Guest Post, David Klose: On Falling In & Out of Love with Writing

I start out wanting to write a Blog Post for Superstition Review. I want to make it funny. Knowledgeable. Relate-able. The reader should laugh and think “I would like to talk with this writer.” All great writing is getting people to think they know you, that they would want to talk with you.

But I have no idea what to write about. I just graduated from college and that is about as boring and overdone a topic as any. I might as well write about golfing, or about the time I played flag football at a local park and discovered I am not the sort of person who should be playing flag football at a local park.

I like to write, but have written nothing of tremendous value. That isn’t fishing for compliments, just speaking objectively. Therefore I can’t offer advice to writers, though I have in the past done this very thing and, to this day, I still feel guilty about it. My writing is not terrible and has made some money in academic contests but I know, what everyone knows, but no one likes to say, that undergrad academic contests aren’t worth anything except the prize money. So I can’t write about being a professional writer, because I am not a professional writer.

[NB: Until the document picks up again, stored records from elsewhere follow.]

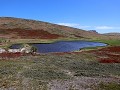 Falklands, New Island North Harbour, wandeling naa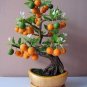 20 Pcs Heirloom Bonsai Ornamental Sweet Orange Fruit Tree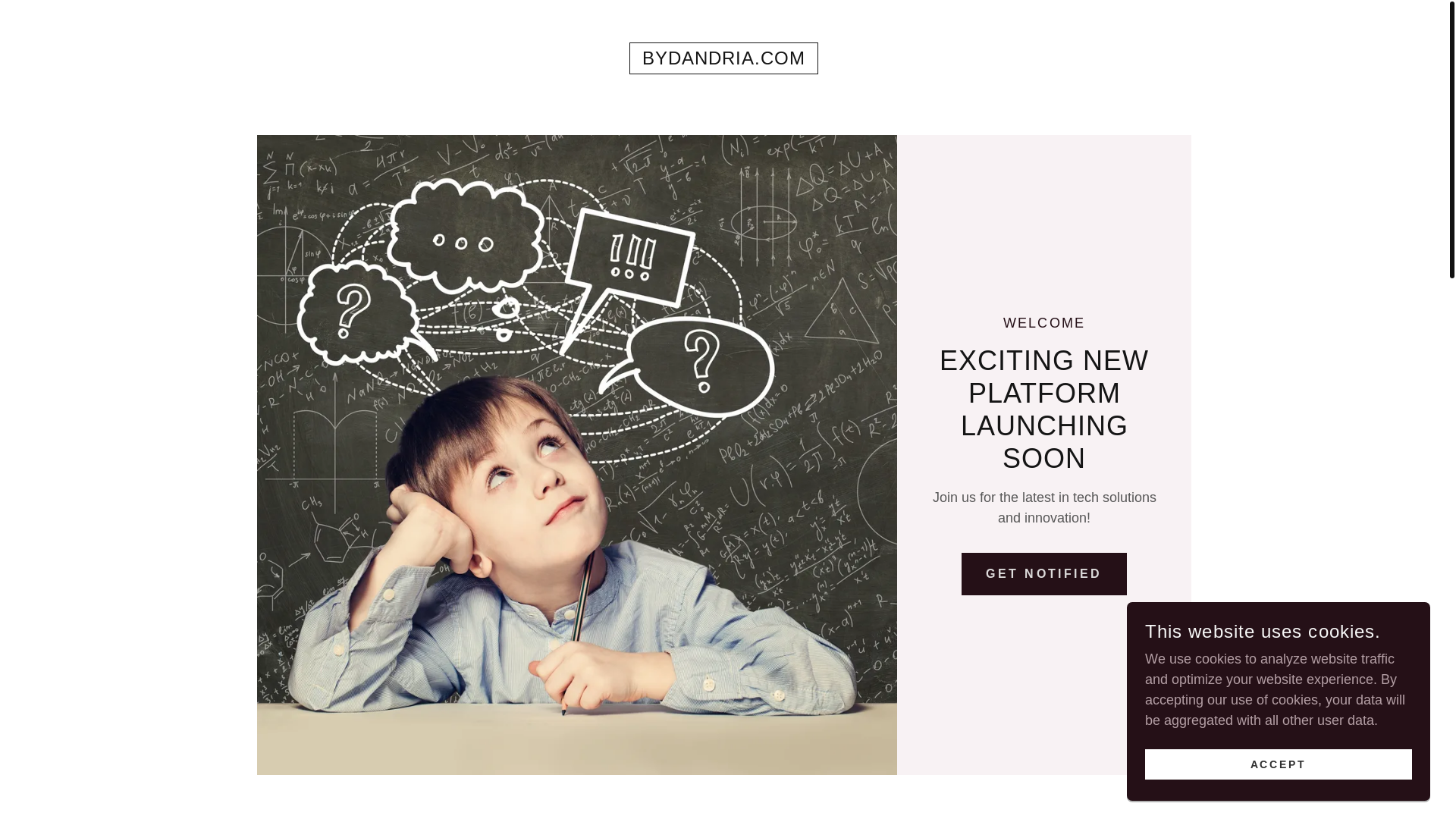 website screenshot of https://bydandria.com/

I’ve had great experiences through my time as a Blogger/Non-Fiction Editor/Student Editor in Chief at Superstition Review, but others, in ways I cannot top, have written about those very experiences for this very Blog. Others, in ways I have yet to mimic, have taken those experiences and grown because of them. I have been to a writing conference but already have, in a previous post, beaten that horse to death with a very small club. I have been to AWP but spent more time touring the city than touring the Book Fair (shameful, I know, but who could have guessed I was to fall in love with cold beautiful grey Minneapolis?).

Hiking TrailBloggers tell you to write what you know, to relate to your audience through what you know. Good with dogs? Write about dogs. Write about how finishing a short story is similar to teaching a new puppy how to piss outside. It’s all about consistency. Go on a lot of hikes? Write something about the writing process and compare it to hiking a new trail, a harder trail than usual. It’s all about persistence. But my dog still sometimes pees on the living room rug, and the last trail I hiked ended with a whimper, not a bang. I thought maybe I could write about how to make the world’s best macaroni and cheese, but then I remembered, halfway through that ill fated blog post, that the best mac and cheese I ever had was made by a girl named Beth one drunken night six years ago at a friend’s house where we were all drinking wine out of plastic red cups and that recipe, like my connection to Beth, was completely lost after that night.

Telling me to write about what I know has always been a sort of cruel task; because I want to write about what I don’t know, and about that which makes me question my sense of authority. I am reminded of a writing professor who, in a soft rant against ‘trigger warnings’, asked our small workshop circle “Isn’t getting triggered the point?” For me, it goes like this: isn’t admitting you don’t know the point?

Here’s what I don’t know: the value of writing and whether or not I am a writer. I have loved books from a young age and can point to moments in my life that were shaped directly by the works of Salinger (specifically his collection of short stories revolving around the Glass family), to Tolstoy’s War and Peace (one of the first books that genuinely made me want to be a better person) to Dubliners by James Joyce which made me first think about becoming a writer. There are more recent examples, as well. In Matt Bell’s Scrapper there is a scene, where our protagonist finds a stolen boy and the snow is falling overhead, and where I, the reader, was so completely transported into that scene that my heart skipped a beat. But the more I work on Social Media for my job, the more I interact with other readers, with other writers, the more new books and new styles of writing I read, the more the doubt inside me grows. As valuable as stories have been to me, how can we properly value them? There have been blog posts in the past about how writers should be paid, for their stories, their poems, and that magazines shouldn’t expect writers to be content with just getting published. But can we really make that case? I would argue the opposite. That now in this sea of media, where everyone, through so many mediums, has the ability to share their voice, the value in stories is dropping or, at the very least, leveling off in an over saturated market.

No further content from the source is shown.